What is being asked.
Only the lines from the one holding "Parahnya Kebakaran Hutan di Australia" to the end of the data should be echoed, exactly as they appear, minus the pictures.

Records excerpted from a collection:
----
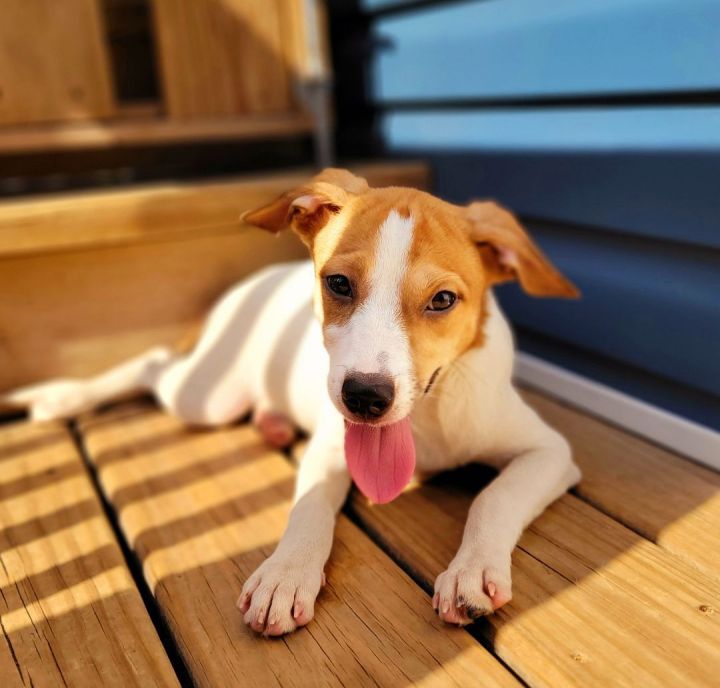 Berkley (ADOPTED!), an adopted Jack Russell Terrier & Beagle Mix in Chicago, IL_image-2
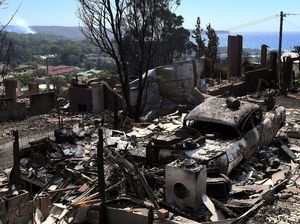 Parahnya Kebakaran Hutan di Australia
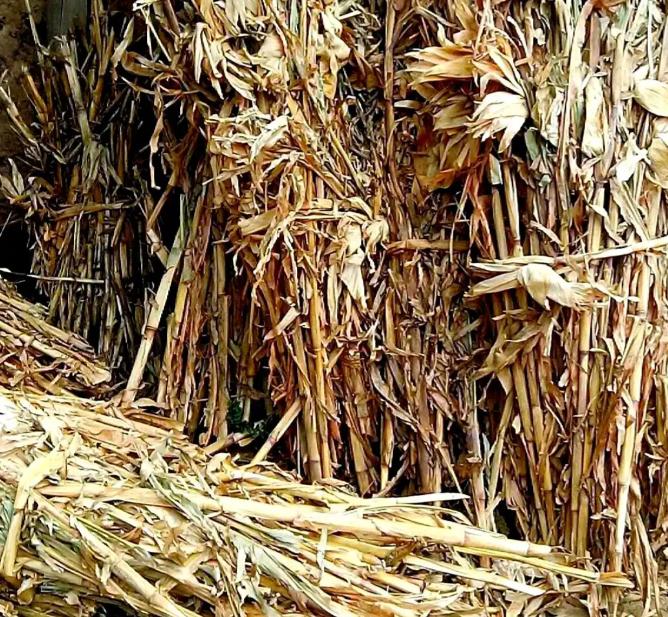 谁能想到？过去因“制造雾霾”被各地严令禁止、农民烧了就要挨罚的秸秆焚烧，如今竟爆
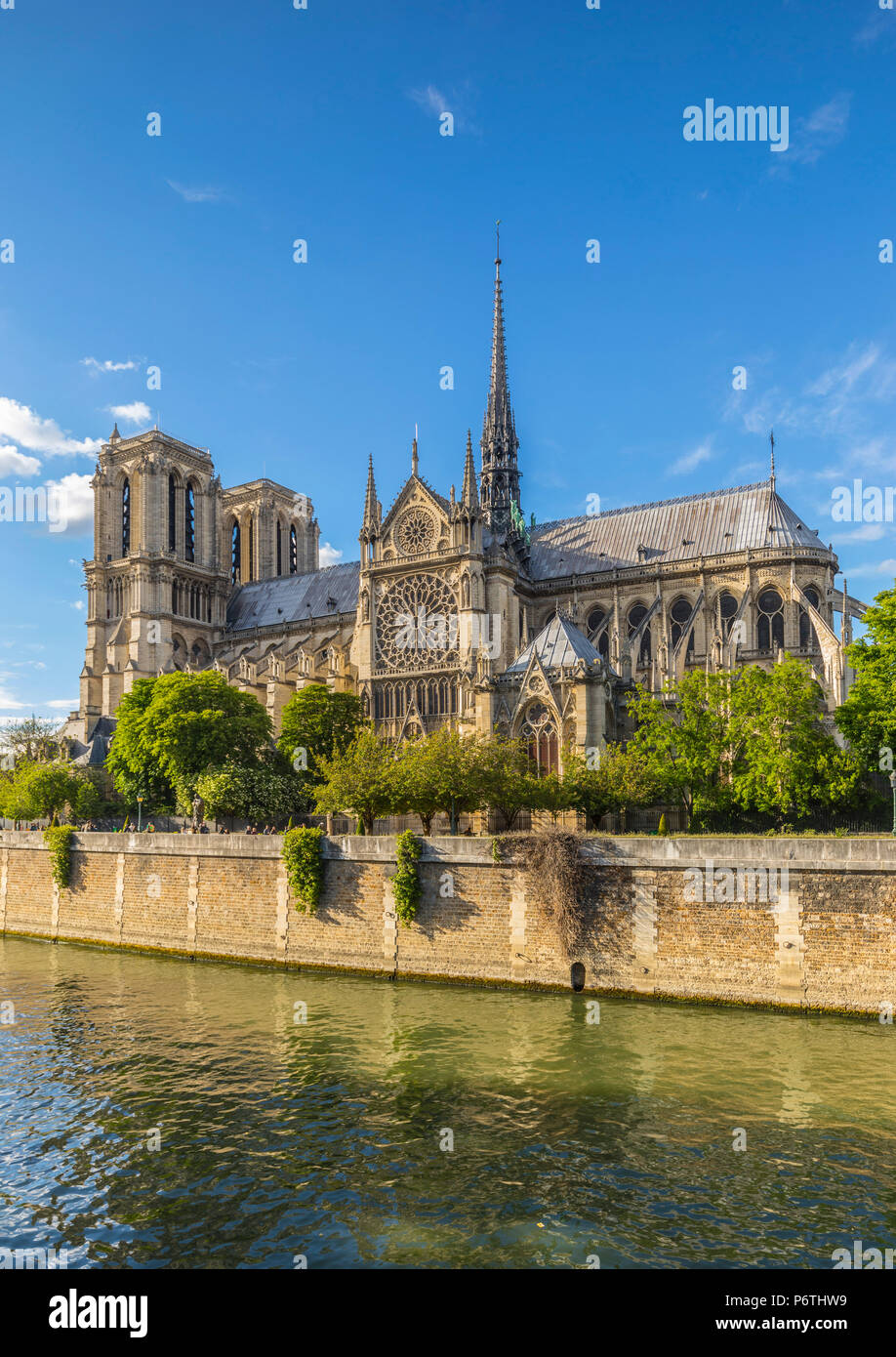 La cattedrale di Notre Dame, Paris, Francia Foto Stock
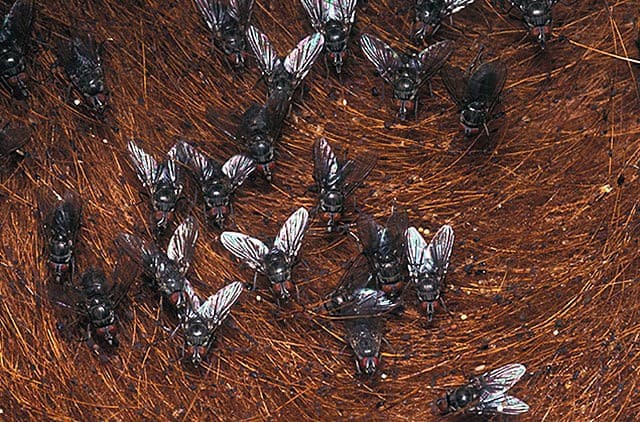 Mosca-do-chifre afeta especialmente o Centro-Oeste do Brasil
----
Solution to the problem.
 Parahnya Kebakaran Hutan di Australia
 谁能想到？过去因“制造雾霾”被各地严令禁止、农民烧了就要挨罚的秸秆焚烧，如今竟爆
 La cattedrale di Notre Dame, Paris, Francia Foto Stock
 Mosca-do-chifre afeta especialmente o Centro-Oeste do Brasil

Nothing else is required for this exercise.